Apesar da Justiça reconhecer que a área é Terra Indígena, “no período do verão, o conflito é mais intenso porque eles encontram pasto dentro do território, porque eles alegam que boa parte do território no Lago da Bolívia é de propriedade deles, do assentamento”, explica Arismar.
Subprograma de Proteção Territorial
O Subprograma de Proteção Territorial tem como objetivo central fortalecer ações de defesa e preservação dos territórios indígenas, por meio do apoio a iniciativas comunitárias que atuam diretamente na proteção ambiental e na valorização dos modos de vida tradicionais. A iniciativa é implementada pelo Instituto Sociedade, População e Natureza (ISPN) no âmbito do Plano Básico Ambiental — Componente Indígena (PBACI) da Vale S.A.
“O subprograma reconhece que a proteção dos biomas está diretamente relacionada à permanência e ao protagonismo dos povos indígenas em seus territórios. Por isso, atua em parceria com grupos já organizados nas comunidades, como Wiriri Kuzan Wa, os Guardiões da Floresta e os brigadistas voluntários”, explica o coordenador do subprograma, Pedro Maciel.

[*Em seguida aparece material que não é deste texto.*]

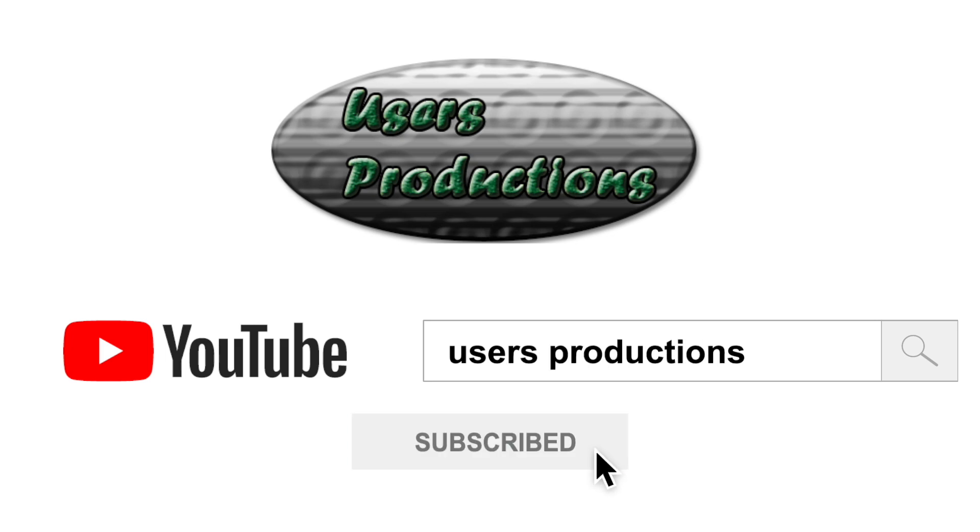Click subscribe to User's Productions YouTube channel. Thank you.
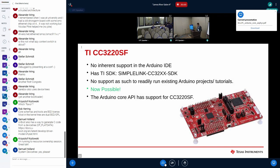Platforms of particular interest include the CC3220SF, which has no inherent support in the Arduino IDE. If someone familiar with Arduino buys this microcontroller and can't find support, they'd have to learn the TI SimpleLink CC32xx SDK — a whole new platform. But with the new Arduino core API support, it's now very much possible to run Arduino projects on the CC3220.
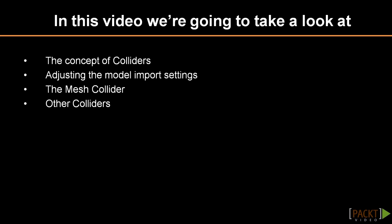Welcome to video 2.2, preventing running through walls. In the previous video we noticed that we could walk right through walls, and we were also not able to step onto the stairs of our model. In this video we will look at colliders. This is geometry used to check if objects overlap and pass through each other.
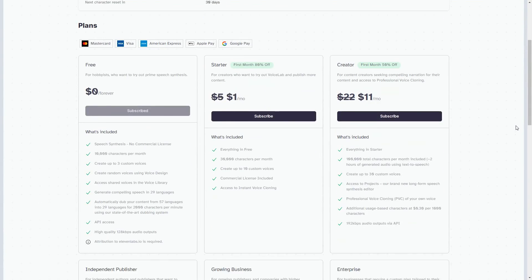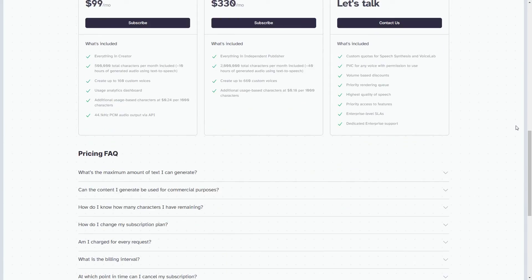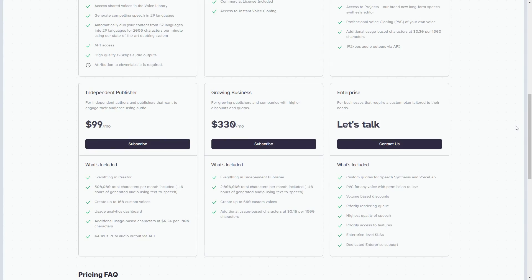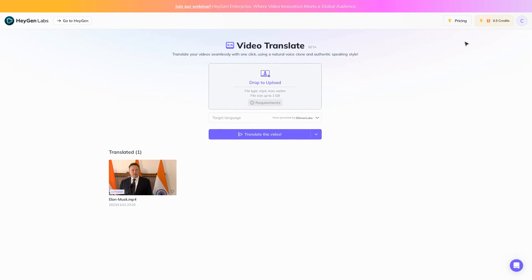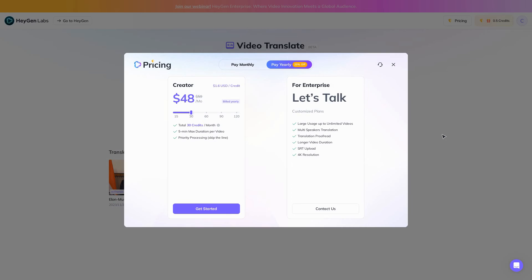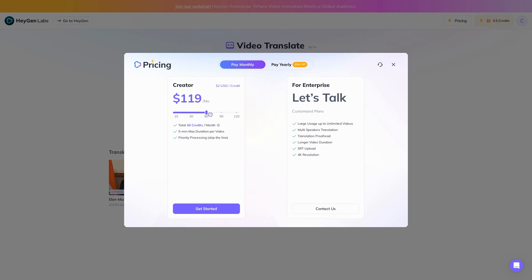For the pricing: Eleven Labs provides six plans, including a free plan with a monthly limit of 10,000 characters. On the flip side, Heijen's pricing begins at $24 per month, offering 15 credits where each credit corresponds to 30 seconds. Additionally, you get one free credit to try out the service.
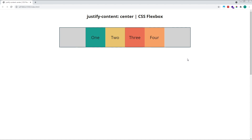We understand that Justify Content aligns items along the main axis, but what about the cross axis? If the main axis runs in the same direction as the flex direction of our parent container, the cross axis always runs in the opposite direction. In our example here, we're working with a flex direction of Row, so our main axis runs in the horizontal direction. Our cross axis runs in the vertical direction, opposite to the main.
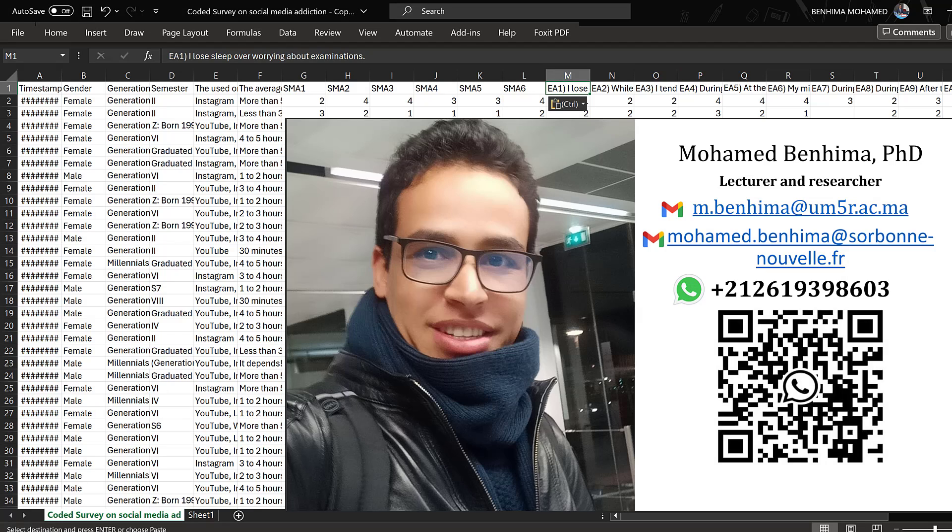In this tutorial, we are going to explain how to code, clean, and import data into Jamovi and perform basic statistics.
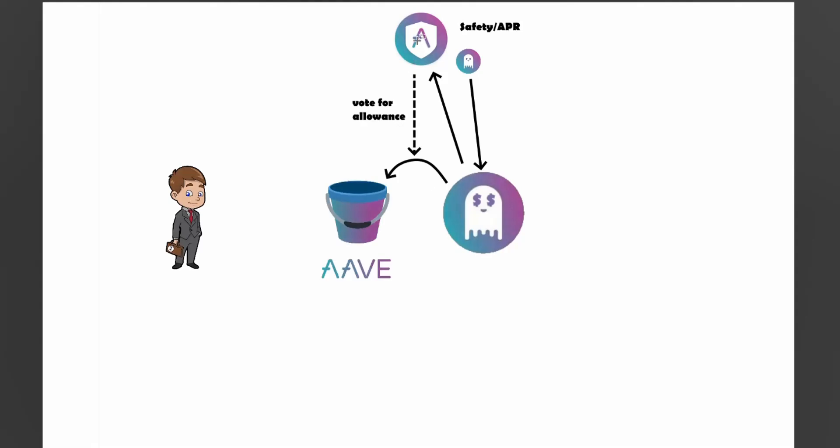So the first thing that staked Aave will be allowed to do with this GHO token is they will be allowed to vote for an allowance of GHO tokens to a certain bucket. So here we have Aave, the actual protocol, the normal Aave protocol where you supply assets and borrow assets, and this staked Aave will be able to vote on how much of these GHO tokens can be minted or can be allowed to be borrowed through the Aave protocol.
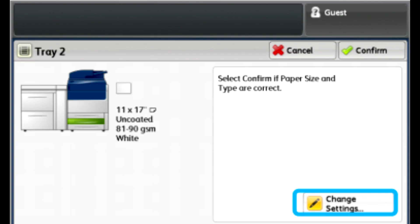To apply a profile that adjusts fold and/or staple positions for booklets, open and close the paper tray that you want to associate with the custom fold profile.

As principais atividades apoiadas são a realização de expedições anuais de monitoramento e vigilância territorial; a promoção de ações de sensibilização junto às comunidades dentro do território e no entorno, com foco na educação ambiental e na construção de estratégias de convivência; capacitação, formação e fornecimento de equipamentos, garantindo as condições adequadas para a realização das atividades de proteção e monitoramento; apoio logístico, incluindo veículos e insumos, que viabilizam a atuação contínua e eficaz das equipes comunitárias.